Thank you so much. That’s such a great visualization too. Because I think when something’s wrong in a relationship, we tend to turn to our partner instead of looking kind of to our own feet, or our own butt, in the first place. So I’m gonna work on my butt Brandon. You can work on your feet. Because they’re bigger and sturdier.

Brandon (35:03):

Are you sure you don’t want me to work on rubbing your feet and your butt at the same time?

Dr. Jess (35:05):

Yeah, if you can that’s fine, you’ve got the wingspan. Dr. Lexx. Thank you so much for joining us. Really appreciate your perspective. We’re always learning from you. I know you’re one of Brandon’s favourites. Obviously you’re one of mine, so anytime you care to join us or if there’s anything we can promote. Is there anything you’d like to mention coming up in your world, that ways people can learn from you and support you.

Dr. Lexx (35:35):

I’m doing a really interesting thing. It’s still feels very big to me, MusiCares, for the Grammy’s. So I’m doing a panel for them. It’s my first time moderating. So I get to like not put on like all of the mental health things on the 16th. So you can go to my website and check out that event. And it’s about being queer and black and how music is healing.

Brandon (35:53):

Wow, that’s amazing.

Dr. Jess (35:54):

Congrats! I will be tuning in or getting a ticket or I’ll look into it on your website, and we’ll be sharing that in the show notes. Thank you so much again for being with us.

Dr. Lexx (36:03):

Thank you so much for having may have a great rest of your day y’all.

Dr. Jess (36:06):

Thank you for listening. I always feel so validated and supported when I talk with Dr.
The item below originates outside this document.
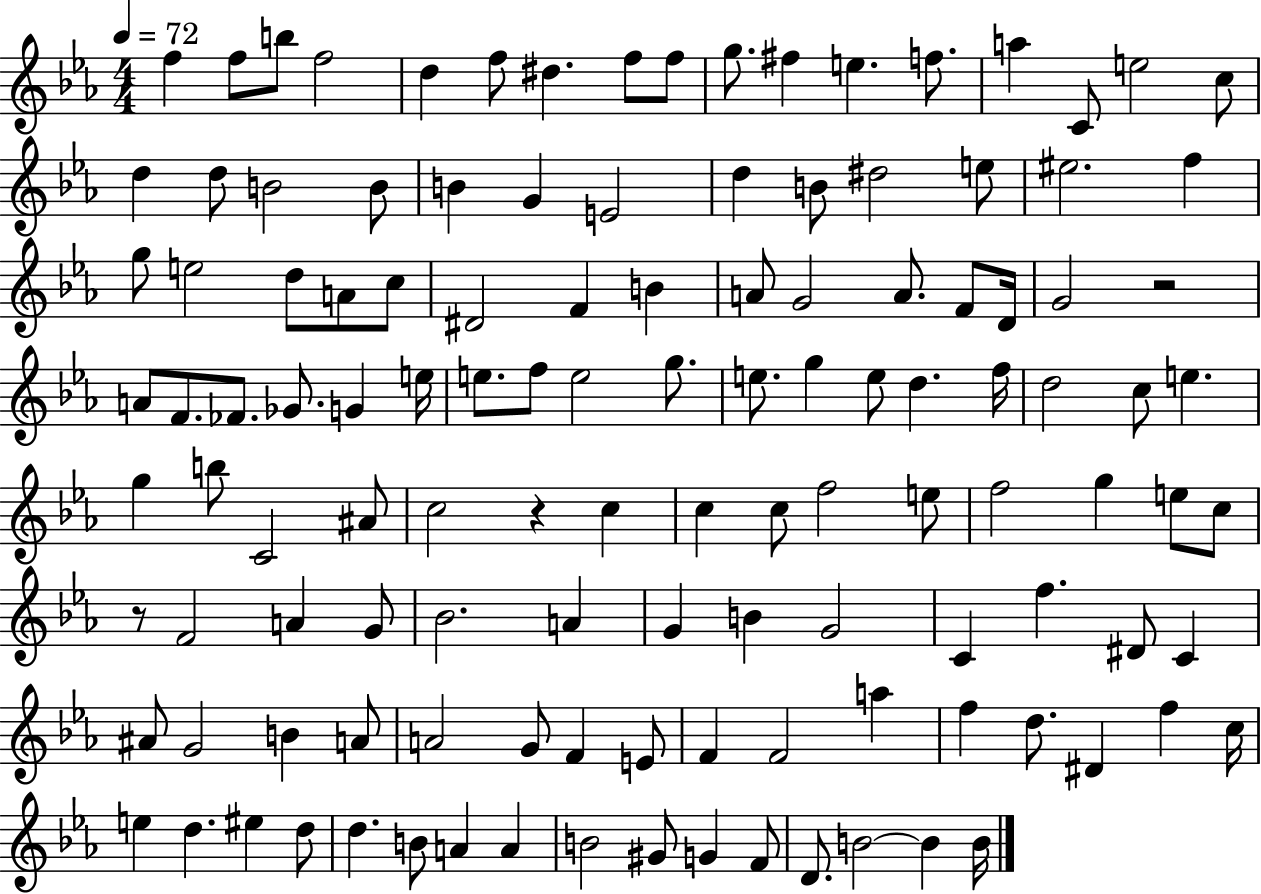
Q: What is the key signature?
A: EES major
Lexx and I hope you do too just listening in. So don’t forget to follow along with Dr. Lexx and check out our partner for all of your pleasure needs, fifty percent off almost any item plus free shipping and some free goodies with code DRJESS. And yeah, it’s a good opportunity to save and try something new tonight. We will be back next week with a new episode to continue our celebration of pride month. I personally celebrate pride 365 partly because I have to constantly come out, but this is a good reminder to really think back about what pride means, and where it began, and how none of us is free until all of us are free. All right, thank you.